* **Exercise directions**: Retype, word for word, every line starting at the line with "Player Reborn Chapter 160 page 2" and ending with the final line of the entries; skip the pictures.

<<<<

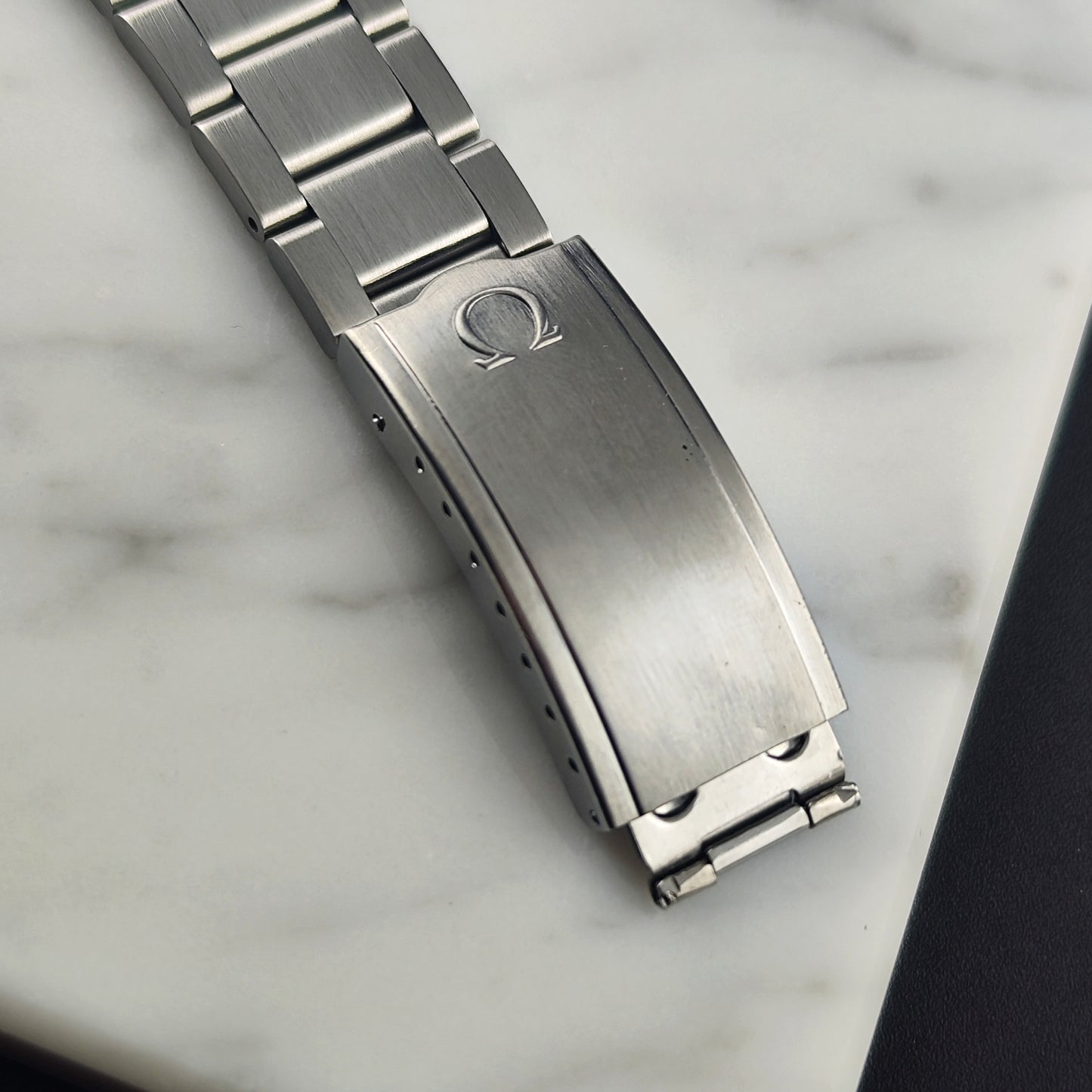 OMEGA Genéve Automatic Steel Bracelet 1973 Serviced 03/2026 [REF. 166.0191]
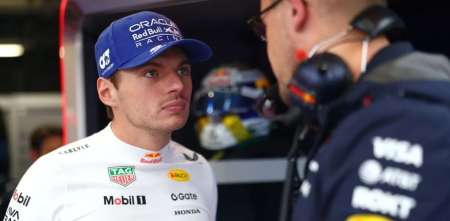 F1: Verstappen se bajó de la lucha por el campeonato: "Ya puedo olvidarme del título"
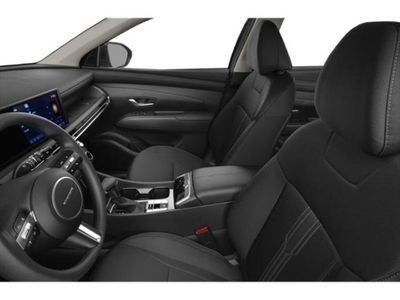2026 Hyundai TUCSON — photo 11 view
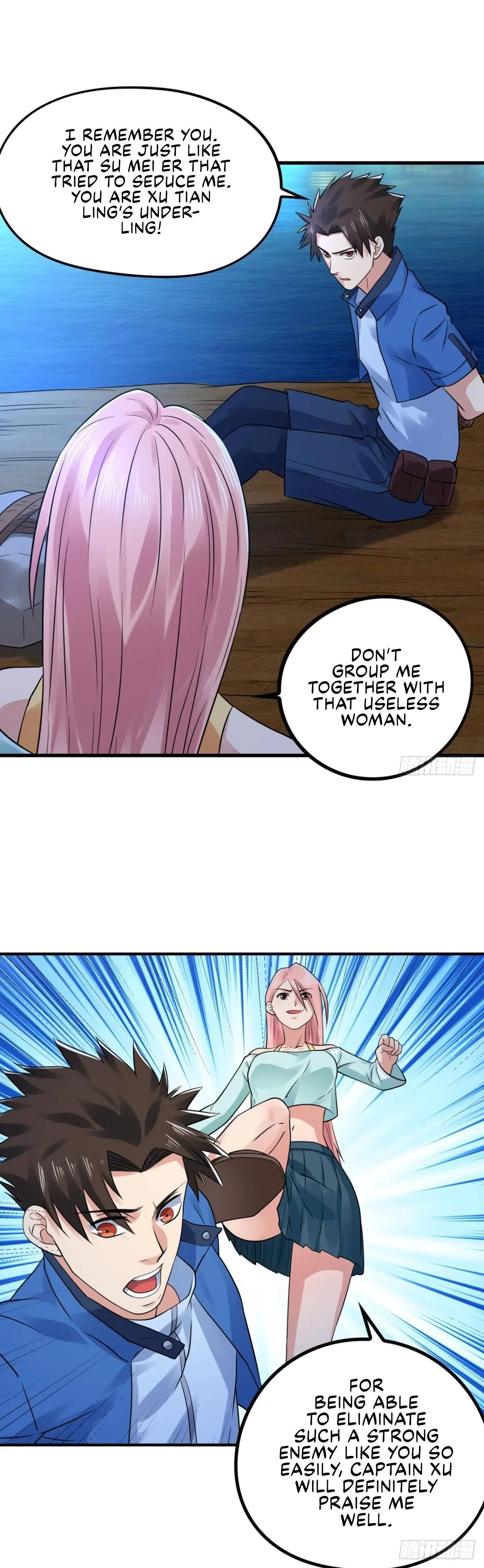 Player Reborn Chapter 160 page 2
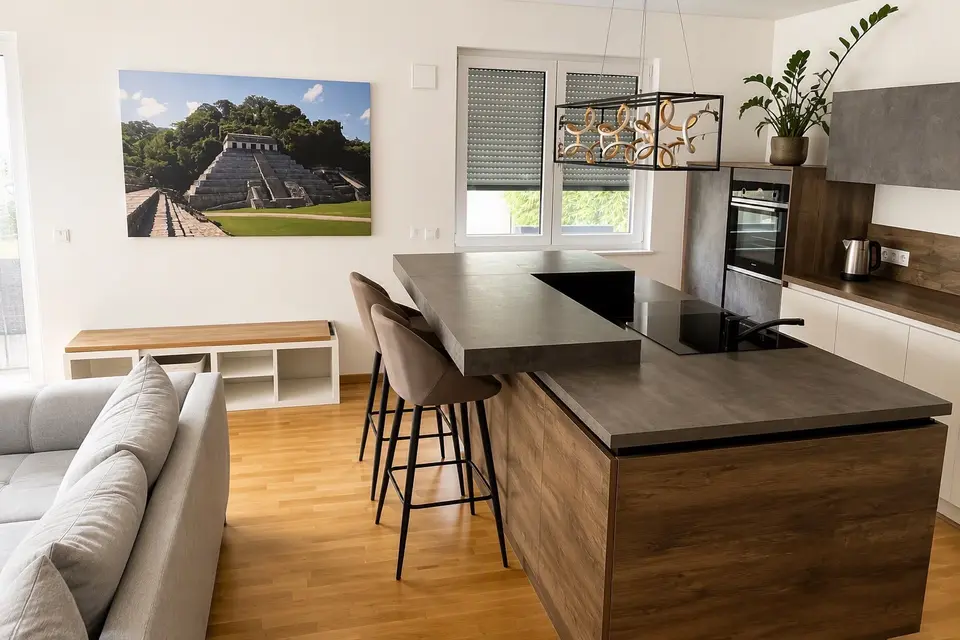 4 Zimmer Wohnung mit 115 m² in Werder (Havel) – Bild 3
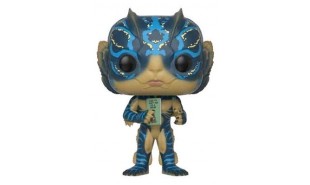 Shape of Water - Amphibian Man with Card Pop! Vinyl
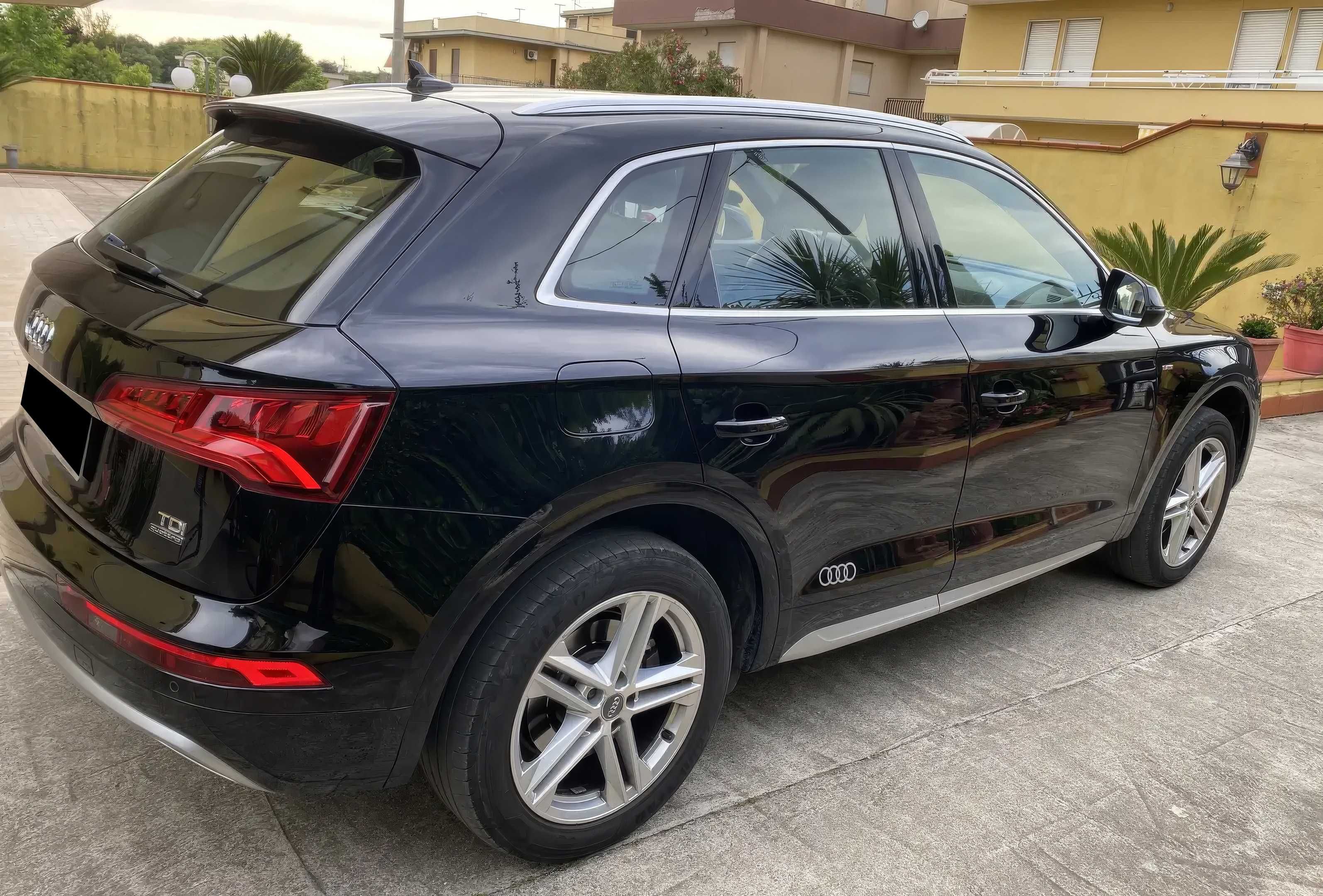 2017  Audi                 Q5
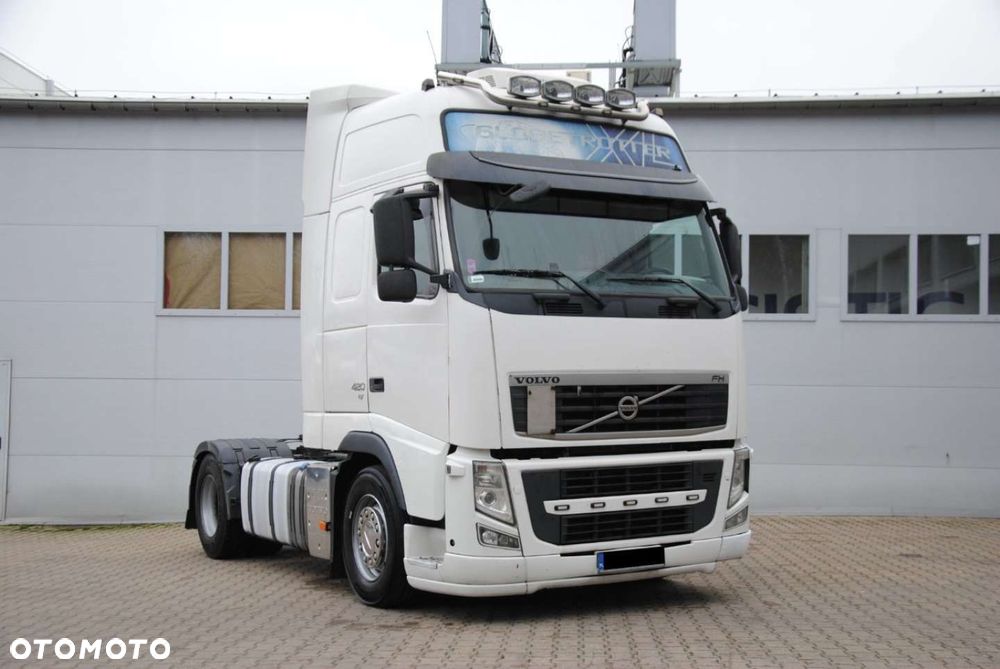 Volvo FH 420 - 3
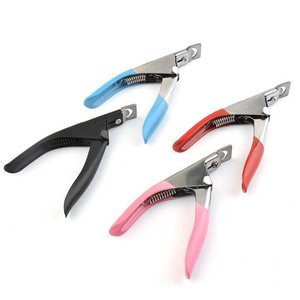 ที่ตัดเล็บอะคริลิคสแตนเลสสตีล,อุปกรณ์ตัดเล็บเท้าอุปกรณ์ตัดเล็บอะคริลิกสำหรับร้านเสริมสวยและสปา - Product Image 2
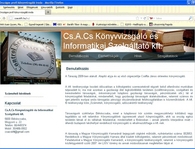 Cs.A.Cs. Könyvizsgáló Kft-Békéscsaba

>>>>

* **Written solution**:
 Player Reborn Chapter 160 page 2
 4 Zimmer Wohnung mit 115 m² in Werder (Havel) – Bild 3
 Shape of Water - Amphibian Man with Card Pop! Vinyl
 2017  Audi                 Q5
 Volvo FH 420 - 3
 ที่ตัดเล็บอะคริลิคสแตนเลสสตีล,อุปกรณ์ตัดเล็บเท้าอุปกรณ์ตัดเล็บอะคริลิกสำหรับร้านเสริมสวยและสปา - Product Image 2
 Cs.A.Cs. Könyvizsgáló Kft-Békéscsaba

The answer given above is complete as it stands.